Perceptually Inspired Methods for Naturally Navigating Virtual Worlds
Tuesday 13 December | 14:15-18:00 | Room S226
In recent years many advances have enabled users to naturally navigate large-scale graphical worlds. The entertainment industry is increasingly providing visual and body-based cues to users to increase the natural feel of their navigational experience. So far, however, none of the existing solutions fully support the most natural locomotion through virtual worlds. Techniques and technologies which have the advantage of insights into human perceptual sensitivity thus have to be considered. In this context, by far the most natural way to move through the real world is via a full body experience where we receive sensory stimulation to all of our senses, for example when walking, running, biking or driving. With some exciting technological advances, people are now beginning to get this same full body sensory experience when navigating computer-generated, three-dimensional environments. Enabling an active and dynamic ability to navigate large-scale virtual scenes is of great interest for many 3D applications demanding locomotion, such as video games, edutainment, simulation, rehabilitation, military, tourism or architecture. Today it is still mostly impossible to freely move through computer generated environments in exactly the same way as the real world. Unnatural and artificial approaches are instead applied, providing only the visual sensation of self-motion. Computer graphics environments were initially restricted to visual displays combined with interaction devices - for example the joystick or mouse - providing often unnatural inputs to generate self-motion.
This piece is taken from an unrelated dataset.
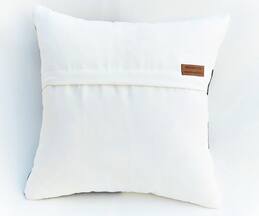 Throwpillow Colorblock Cushion Cover (Single Pc)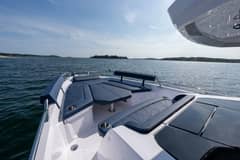 2026 Axopar Cross Cabin "Axopar 29 Cross Cabin Stock 46" photo 6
Today, more and more interaction devices like Nintendo Wii, Microsoft Kinect or Sony EyeToy enable intuitive and natural interaction. In this context many research groups are investigating natural, multimodal methods of generating self-motion in virtual worlds based on such consumer hardware.
The course is aimed at scientific researchers as well as developers of interactive applications who would benefit from intuitive and natural exploration concepts.
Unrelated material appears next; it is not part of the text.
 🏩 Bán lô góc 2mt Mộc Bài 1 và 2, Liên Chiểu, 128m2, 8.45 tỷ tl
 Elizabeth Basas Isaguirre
The course is for participants with backgrounds in at least one of the following disciplines: computer graphics, entertainment psychology, augmented reality and virtual reality.
14:15-14:45 Frank Steinicke: Introduction and Basics
14:45-15:30 Betty Mohler: Hardware-Based Walking Simulators
The course will be organized by Frank Steinicke, Professor and Head of the Immersive Media Group at the Department of Computer Science and Human Computer Media at the University of Würzburg.
He has given several lectures and courses about computer graphics, human-computer interaction (HCI), virtual reality and locomotion. He is co-editor of the Springer book Human Walking in Virtual Environments, which will be published next year.
Frank Steinicke is a member of several International Program Committees and is Principal Investigator of international research grants including the interdisciplinary project LOCUI (Virtual Locomotion User Interfaces), funded by the German Research Foundation.
Anatole Lecuyer is a research scientist at the French National Research Institute for Computer Science and Control (INRIA), in Rennes, since 2002. He received his PhD in computer science from the University of Paris XI, 2001. His main research interests include virtual reality, 3D interaction, haptic interaction and brain-computer interfaces. He is an expert in virtual reality for the European Commission and the French National Research Agency. Lecuyer has been the member of International Program Committees of major international conferences (World Haptics, Eurohaptics, IEEE 3DUI, ACM Symposium on Virtual Reality Software and Technology, IPT-Eurographics Symposium on Virtual Environments) and an organizer of courses and workshops in major Virtual Reality (VR) events like IEEE VR and Eurohaptics. Anatole Lecuyer is associate editor of the ACM Transactions on Applied Perception. He is the principle investigator of several national and international grants, including the European Project Natural Interactive Walking and the French projects OpenViBE1 and OpenViBE2.
Betty Mohler is currently a post-doctoral fellow and group leader of the Perception and Action in Virtual Environments at the Max Planck Institute for Biological Cybernetics (Tuebingen, Germany). She graduated with a PhD in Computer Science from the University of Utah in January 2007. She worked in the Perception and Computer Graphics research group under her advisors Dr. Bill Thompson and Dr. Sarah H. Creem-Regehr. Her research interests include computer graphics, space perception, and locomotion in immersive virtual environments. She received her BSc in Computer Science in May 2001 at Millersville University, under the supervision of Dr. Roger Webster. Betty Mohler is involved in several national and international grants.